- Host city: Prince Albert, Saskatchewan
- Arena: Prince Albert Golf and Country Club
- Dates: November 21–28, 2004
- Winner: Newfoundland and Labrador
- Curling club: St. John's CC, St. John's, Newfoundland and Labrador
- Skip: Mark Nichols
- Third: Shelley Nichols
- Second: Brent Hamilton
- Lead: Jennifer Guzzwell
- Finalist: Saskatchewan (Kyle George)

= 2005 Canadian Mixed Curling Championship =

The 2005 Canadian Mixed Curling Championship was held November 21–28, 2004 at the Prince Albert Golf and Country Club in Prince Albert, Saskatchewan.
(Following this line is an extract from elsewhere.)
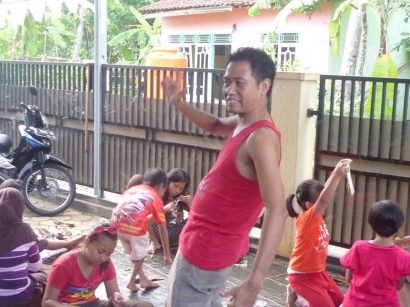 Mimpi Pak Guru: Ingin Membangun Indonesia dari Kampung Sendiri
The 2005 Mixed was the 2nd Canadian Mixed Championship to be held in the 2004 calendar year, as the Canadian Curling Association moved the event from the Spring to the Fall. The Mixed has been held in the Fall ever since, and has been referred to the following calendar year ever since. The event also changed playoff formats, moving from the page playoff system to a 3-team playoff.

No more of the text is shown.